───── Dataset excerpts ─────

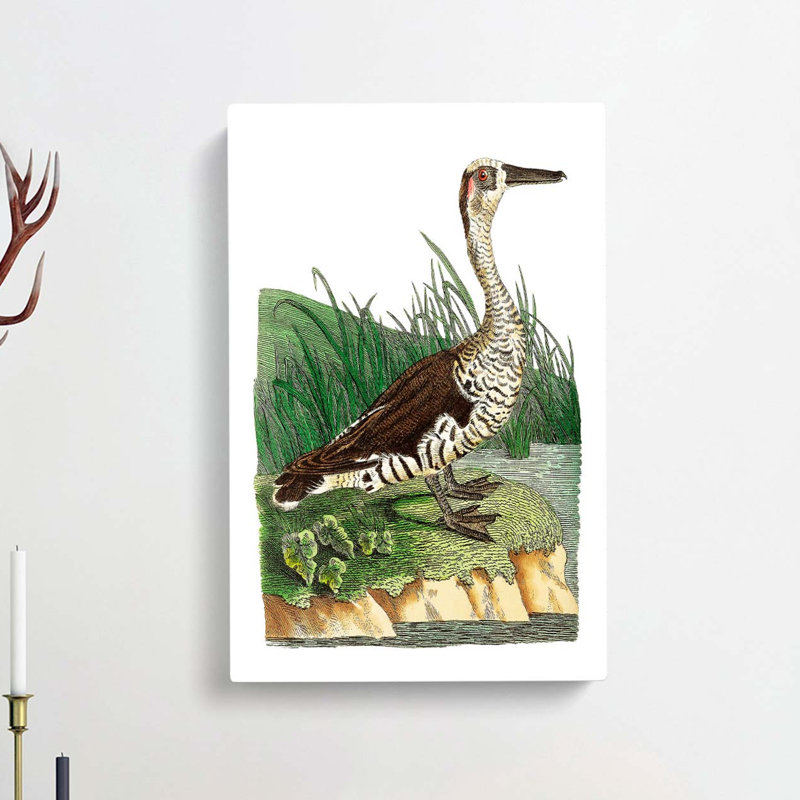 Fasciated Duck by George Shaw - Wrapped Canvas Painting, 50cm H x 35cm W x 3cm D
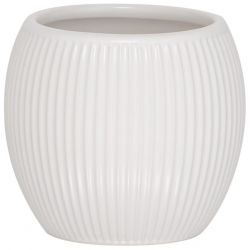 SEALSKIN CONVEX TANDENBORSTELBEKER VRIJSTAAND WIT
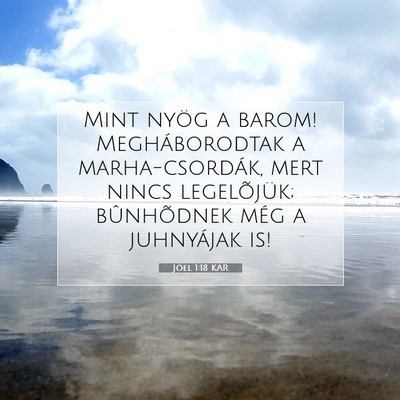 Picture 07 - Jóel 1:18 KAR - Mint nyög a barom! Megháborodtak a - Bible Verse Picture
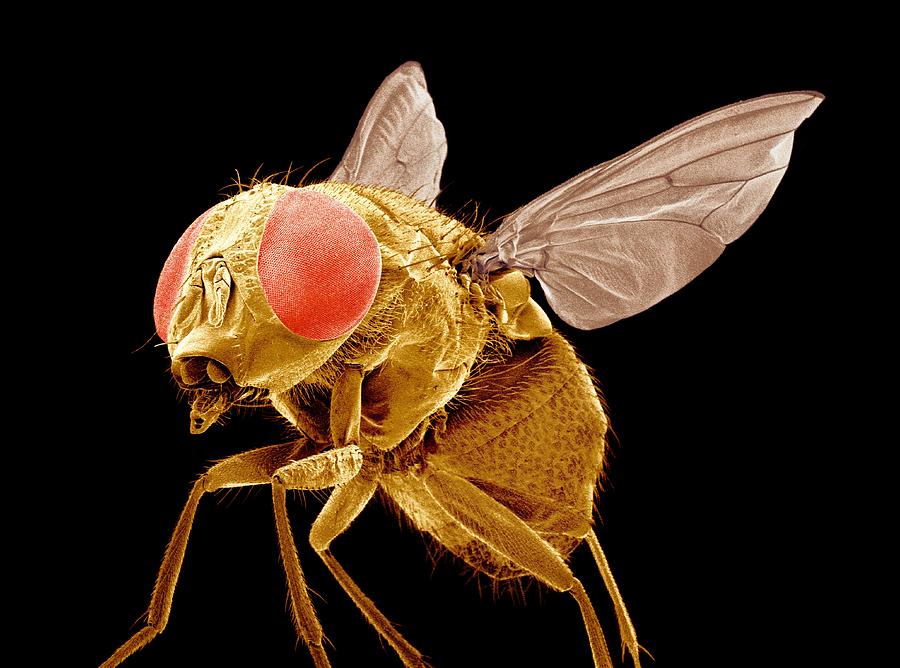Nature Photograph - Fly, SEM #2 by Science Photo Library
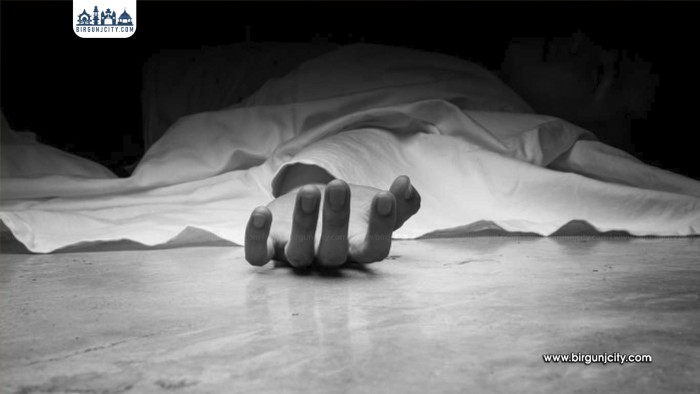 वीरगंजका एक विद्यार्थी काठमाडौंमा गरे अ‌ा'त्म•ह'त्य|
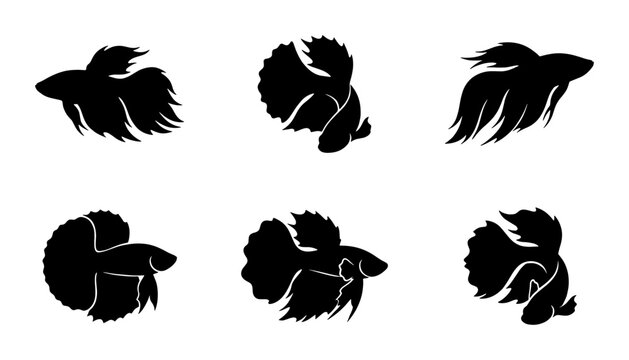 Betta fish silhouette collection, set of 6 black Siamese fighting fish vector icons, elegant aquatic animal shapes for logo design and branding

─────

*Exercise instructions*
Nothing but the records above, retyped exactly and stripped of images, should appear in the answer.

*Expected output*
 Fasciated Duck by George Shaw - Wrapped Canvas Painting, 50cm H x 35cm W x 3cm D
 SEALSKIN CONVEX TANDENBORSTELBEKER VRIJSTAAND WIT
 Picture 07 - Jóel 1:18 KAR - Mint nyög a barom! Megháborodtak a - Bible Verse Picture
Nature Photograph - Fly, SEM #2 by Science Photo Library
 वीरगंजका एक विद्यार्थी काठमाडौंमा गरे अ‌ा'त्म•ह'त्य|
 Betta fish silhouette collection, set of 6 black Siamese fighting fish vector icons, elegant aquatic animal shapes for logo design and branding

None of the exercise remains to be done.